Sprites, Pranksters and embodiments of nature
Mischievous and prevalent, the nature sprites of Pandaria resemble the prevalent features of their surroundings, like shrubs or rocks. Their appearance allows them to easily hide and engage in their favorite pastime – playing tricks on others for inscrutable reasons. Many forest sprites’ pranks – disguising themselves as stools to trip people, or throwing fruit and nuts at wanderers – seem harmless. Mountain spirits’ means of interaction tend to have a higher incidence of violence and death, involving rockslides and falls off cliffs.
Rumor has it that more deadly, unique varieties of sprites have emerged in Sha-tainted areas. If sprites’ behavior is simply a reflection of the environments that surround them, any such creatures must be monumentally dangerous.
Mogu, Overlords of old Pandaria
The land known as Pandaria today was not always named for the Pandaren people. In ages past, the Mogu ruled. Possessed of immense size and strength, they built an empire based on might, in which the weak – other races – were subjugated, and the strong – always Mogu – ascended to power. Imposing stone monuments and titanic siege engines displayed the power of the Mogu to the rest of the land. They turned their strength on the lesser inhabitants of Pandaria, shaping flesh to their whims as they shaped rock.
The Mogu were overthrown in a desperate revolution led by the Pandaren, but their legacy persists in thousand year-old ruins too immense to fall. Indeed, some of the Mogu were too great to topple with their empire. As Pandaria emerges into a changed Azeroth, the surviving Mogu have begun to stir. They crave the domain they once held, and, to regain it, they will sweep usurpers and invaders alike into the dust.
Hozen, Furious hunter-gatherers
The Hozen are uncannily dexterous foragers and hunters who dwell in clans among treetops and mountains of Pandaria. They’re extremely short-lived (their elders are often no older than twenty) and their society lacks roots (and rules) as a result. Uncouth and impulsive, Hozen nonetheless play, live and squabble together…at least until their clans grow so large that they collapse into multiple smaller groups.
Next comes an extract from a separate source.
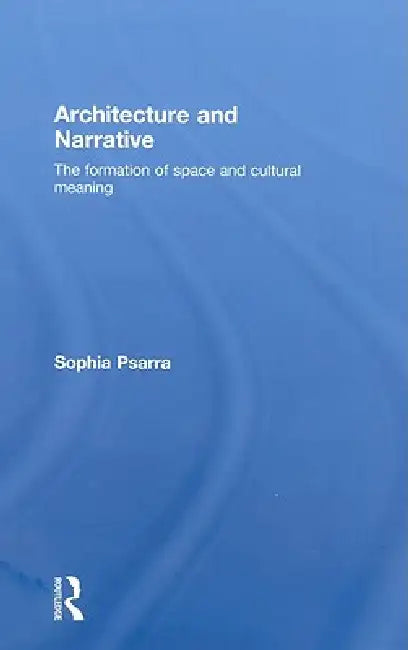 Architecture and Narrative (English, Sophia Psarra)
The other races of Pandaria are careful to avoid Hozen hunting grounds, as their notoriously short tempers grow even shorter when their hunger pushes entire clans, including elderly and young Hozen, to ravage food sources outside of their territory, either gathering enough food or seeing enough Hozen die in the process to ensure the survivors’ continued health.
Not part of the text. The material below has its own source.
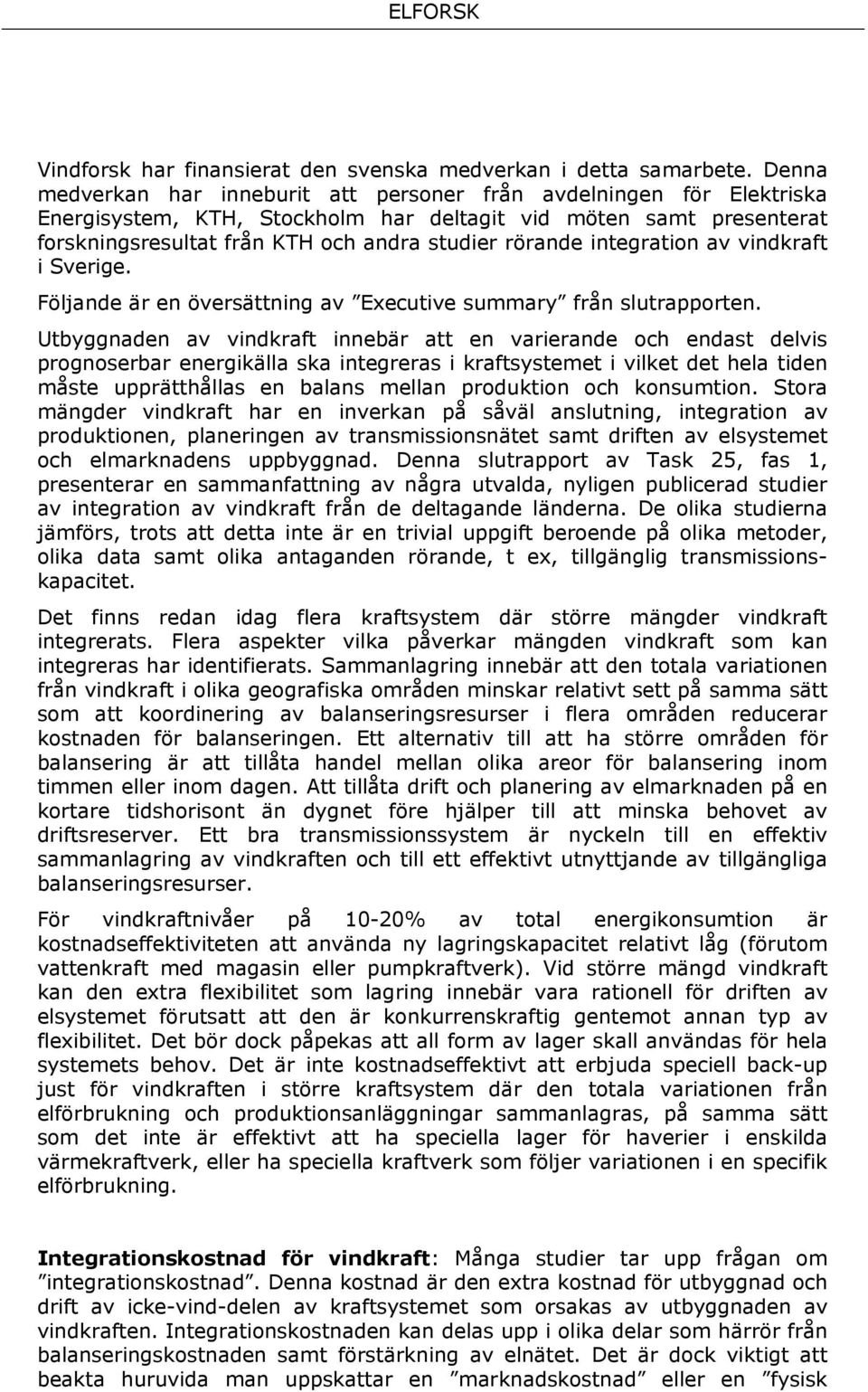 integration av vindkraft i Sverige. Följande är en översättning av Executive summary från slutrapporten.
Mantid, Insectoid reavers from beyond the wall
The Mantid people were once deemed a threat so great that the ancient Mogu who ruled Pandaria dedicated several generations to the construction of a zone-spanning wall solely to keep them at bay. Yet, the insectoid Mantid are no hive mind. They are intelligent creatures who organize themselves by caste, and claim total obedience to an Empress of their race. They are the builders of elaborate cities that range across Pandaria’s steppes. It is the manner of these cities’ construction that makes the Mantid so dangerous.
The cycle of Mantid birthing and building revolves around the Kunchong, a colossal insect large enough to threaten whole towns by itself. The Mantid revere this enormous creature, and when instinct compels it to stampede throughout the continent, eating earth, trees, and lakes, they follow behind, collecting the amber-colored resin it secretes, birthing their young and creating their homes in its wake. If other races’ homes are trampled by the Kunchong, it is of little consequence to the Mantid. Where the Kunchong’s shadow falls, they walk. Where they walk, the land is transformed.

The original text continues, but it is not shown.